(Records contained in a dataset)

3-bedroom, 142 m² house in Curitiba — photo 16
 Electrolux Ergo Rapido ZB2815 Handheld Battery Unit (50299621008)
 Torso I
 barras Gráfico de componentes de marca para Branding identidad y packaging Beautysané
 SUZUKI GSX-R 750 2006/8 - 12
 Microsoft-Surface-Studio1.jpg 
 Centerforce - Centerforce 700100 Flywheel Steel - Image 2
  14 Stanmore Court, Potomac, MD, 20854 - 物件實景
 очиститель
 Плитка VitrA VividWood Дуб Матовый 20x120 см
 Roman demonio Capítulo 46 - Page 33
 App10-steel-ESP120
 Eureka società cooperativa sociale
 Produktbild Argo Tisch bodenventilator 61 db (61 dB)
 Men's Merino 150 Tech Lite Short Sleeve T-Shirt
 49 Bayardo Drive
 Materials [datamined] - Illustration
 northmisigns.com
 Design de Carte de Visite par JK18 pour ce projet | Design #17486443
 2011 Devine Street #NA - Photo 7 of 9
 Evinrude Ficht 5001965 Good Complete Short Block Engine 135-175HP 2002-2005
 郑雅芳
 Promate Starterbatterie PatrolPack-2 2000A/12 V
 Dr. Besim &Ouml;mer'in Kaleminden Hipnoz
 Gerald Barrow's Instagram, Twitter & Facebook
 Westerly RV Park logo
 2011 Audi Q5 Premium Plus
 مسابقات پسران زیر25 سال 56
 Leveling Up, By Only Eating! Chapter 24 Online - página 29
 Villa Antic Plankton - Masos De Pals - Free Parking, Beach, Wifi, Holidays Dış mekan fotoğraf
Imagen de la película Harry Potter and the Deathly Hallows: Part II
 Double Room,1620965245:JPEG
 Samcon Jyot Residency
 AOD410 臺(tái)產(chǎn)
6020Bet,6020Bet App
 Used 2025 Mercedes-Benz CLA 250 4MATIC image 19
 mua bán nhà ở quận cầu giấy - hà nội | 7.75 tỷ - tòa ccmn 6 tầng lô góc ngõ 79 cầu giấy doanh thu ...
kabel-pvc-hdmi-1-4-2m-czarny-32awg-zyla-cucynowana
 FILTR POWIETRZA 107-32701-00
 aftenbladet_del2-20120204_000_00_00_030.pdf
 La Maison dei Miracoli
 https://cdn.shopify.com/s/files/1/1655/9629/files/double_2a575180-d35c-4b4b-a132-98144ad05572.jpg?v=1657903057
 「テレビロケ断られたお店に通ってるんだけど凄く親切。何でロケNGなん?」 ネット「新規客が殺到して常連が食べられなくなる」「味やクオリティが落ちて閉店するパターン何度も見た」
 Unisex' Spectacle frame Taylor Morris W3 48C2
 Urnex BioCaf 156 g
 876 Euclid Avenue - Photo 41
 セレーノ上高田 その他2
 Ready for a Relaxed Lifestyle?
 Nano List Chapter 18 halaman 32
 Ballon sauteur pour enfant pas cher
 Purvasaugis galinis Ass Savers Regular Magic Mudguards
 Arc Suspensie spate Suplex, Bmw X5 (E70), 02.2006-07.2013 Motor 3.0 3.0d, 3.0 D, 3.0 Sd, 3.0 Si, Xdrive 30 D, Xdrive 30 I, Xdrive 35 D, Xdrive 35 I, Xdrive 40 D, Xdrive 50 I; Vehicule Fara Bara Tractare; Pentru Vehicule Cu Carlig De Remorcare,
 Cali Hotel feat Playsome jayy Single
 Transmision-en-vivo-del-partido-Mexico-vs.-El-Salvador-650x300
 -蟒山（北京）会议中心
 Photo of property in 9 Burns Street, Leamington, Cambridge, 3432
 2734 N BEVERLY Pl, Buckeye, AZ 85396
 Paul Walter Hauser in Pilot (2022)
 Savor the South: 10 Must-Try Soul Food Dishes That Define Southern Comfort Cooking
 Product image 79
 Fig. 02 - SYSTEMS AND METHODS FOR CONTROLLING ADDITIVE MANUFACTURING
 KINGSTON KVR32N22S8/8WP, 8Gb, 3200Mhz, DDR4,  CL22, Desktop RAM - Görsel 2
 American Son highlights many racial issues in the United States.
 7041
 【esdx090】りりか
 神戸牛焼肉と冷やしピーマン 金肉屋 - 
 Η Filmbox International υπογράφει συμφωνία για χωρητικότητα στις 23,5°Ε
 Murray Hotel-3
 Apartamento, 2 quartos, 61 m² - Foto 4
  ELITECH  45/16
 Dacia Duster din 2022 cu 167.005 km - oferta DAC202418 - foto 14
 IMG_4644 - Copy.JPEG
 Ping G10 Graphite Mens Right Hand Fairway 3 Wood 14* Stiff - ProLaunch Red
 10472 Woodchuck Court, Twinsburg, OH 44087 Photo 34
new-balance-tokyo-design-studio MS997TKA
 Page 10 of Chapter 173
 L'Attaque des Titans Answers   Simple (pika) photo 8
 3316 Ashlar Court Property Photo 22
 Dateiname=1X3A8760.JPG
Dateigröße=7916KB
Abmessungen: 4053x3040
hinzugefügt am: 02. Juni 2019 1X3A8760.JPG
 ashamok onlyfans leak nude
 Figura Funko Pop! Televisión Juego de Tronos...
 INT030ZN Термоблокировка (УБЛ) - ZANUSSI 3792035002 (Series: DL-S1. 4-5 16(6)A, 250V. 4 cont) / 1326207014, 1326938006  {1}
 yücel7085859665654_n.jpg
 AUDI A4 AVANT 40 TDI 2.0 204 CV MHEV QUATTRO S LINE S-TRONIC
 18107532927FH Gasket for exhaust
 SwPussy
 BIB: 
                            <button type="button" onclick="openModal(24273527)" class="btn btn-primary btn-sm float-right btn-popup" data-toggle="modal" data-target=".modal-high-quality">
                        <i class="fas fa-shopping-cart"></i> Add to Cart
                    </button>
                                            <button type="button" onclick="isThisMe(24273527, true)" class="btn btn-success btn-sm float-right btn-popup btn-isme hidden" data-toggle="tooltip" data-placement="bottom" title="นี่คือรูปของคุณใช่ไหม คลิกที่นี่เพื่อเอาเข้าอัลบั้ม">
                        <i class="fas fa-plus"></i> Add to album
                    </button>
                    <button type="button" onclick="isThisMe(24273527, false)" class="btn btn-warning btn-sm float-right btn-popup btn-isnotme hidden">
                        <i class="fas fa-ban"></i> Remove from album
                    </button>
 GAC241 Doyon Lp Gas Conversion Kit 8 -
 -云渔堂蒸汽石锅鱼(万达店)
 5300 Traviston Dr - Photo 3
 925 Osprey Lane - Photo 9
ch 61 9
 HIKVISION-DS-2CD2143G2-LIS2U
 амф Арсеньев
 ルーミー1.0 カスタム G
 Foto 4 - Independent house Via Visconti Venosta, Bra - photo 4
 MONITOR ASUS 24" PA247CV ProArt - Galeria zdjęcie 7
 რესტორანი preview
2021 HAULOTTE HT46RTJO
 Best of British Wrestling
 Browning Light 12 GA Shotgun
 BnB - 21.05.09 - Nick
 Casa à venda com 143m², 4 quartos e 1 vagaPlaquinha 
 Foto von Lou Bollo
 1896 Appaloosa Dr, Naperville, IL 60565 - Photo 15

Work item -> How many lines of the entries above contain the word "JPEG"? Give the number alone.

Output -> 2